Data block:
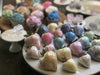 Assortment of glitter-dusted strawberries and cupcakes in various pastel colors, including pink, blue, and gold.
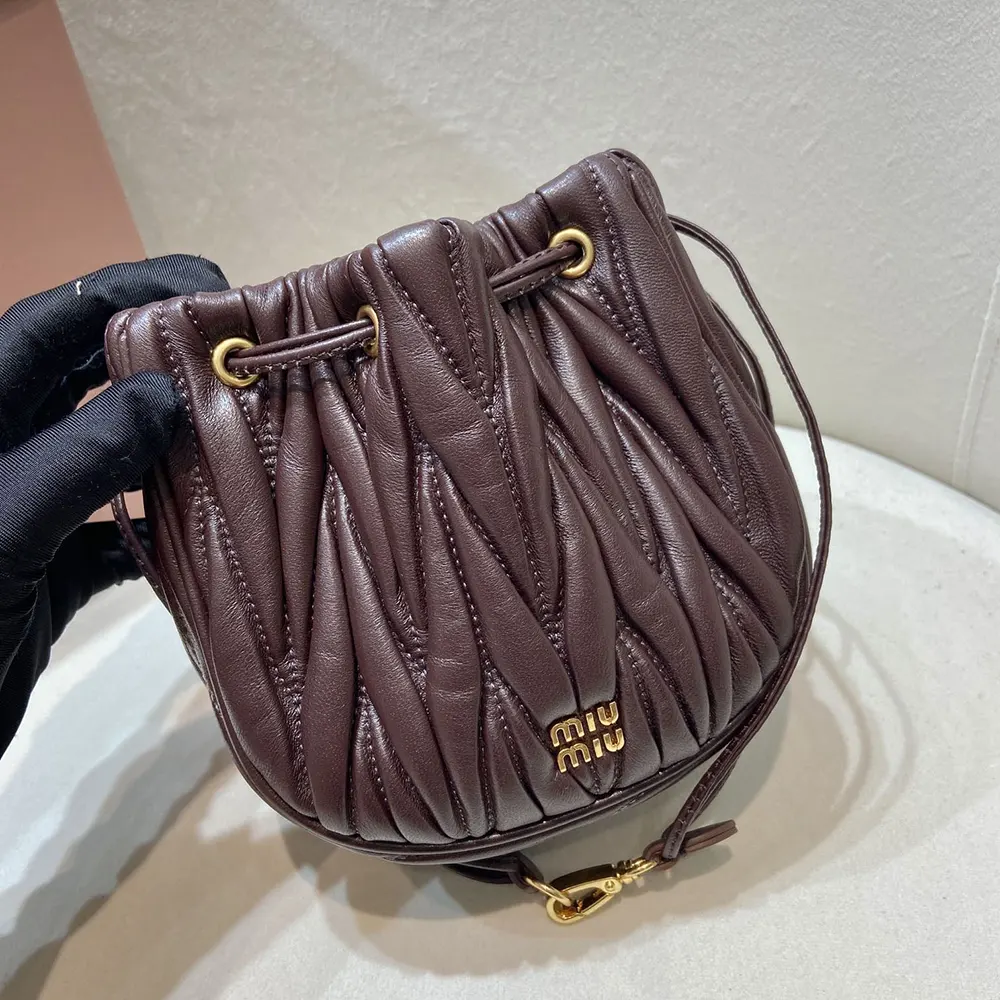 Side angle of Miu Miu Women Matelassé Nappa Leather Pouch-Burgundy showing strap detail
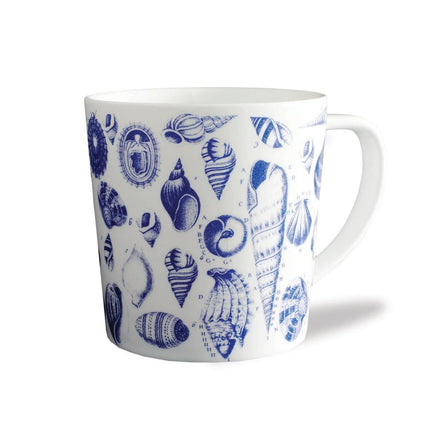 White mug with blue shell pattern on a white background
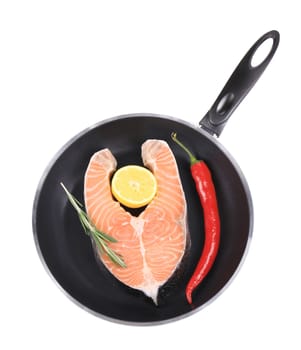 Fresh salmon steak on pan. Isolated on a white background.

Required action:
When you return the listing, keep each line exact and leave the pictures out.

Written solution:
 Assortment of glitter-dusted strawberries and cupcakes in various pastel colors, including pink, blue, and gold.
 Side angle of Miu Miu Women Matelassé Nappa Leather Pouch-Burgundy showing strap detail
 White mug with blue shell pattern on a white background
 Fresh salmon steak on pan. Isolated on a white background.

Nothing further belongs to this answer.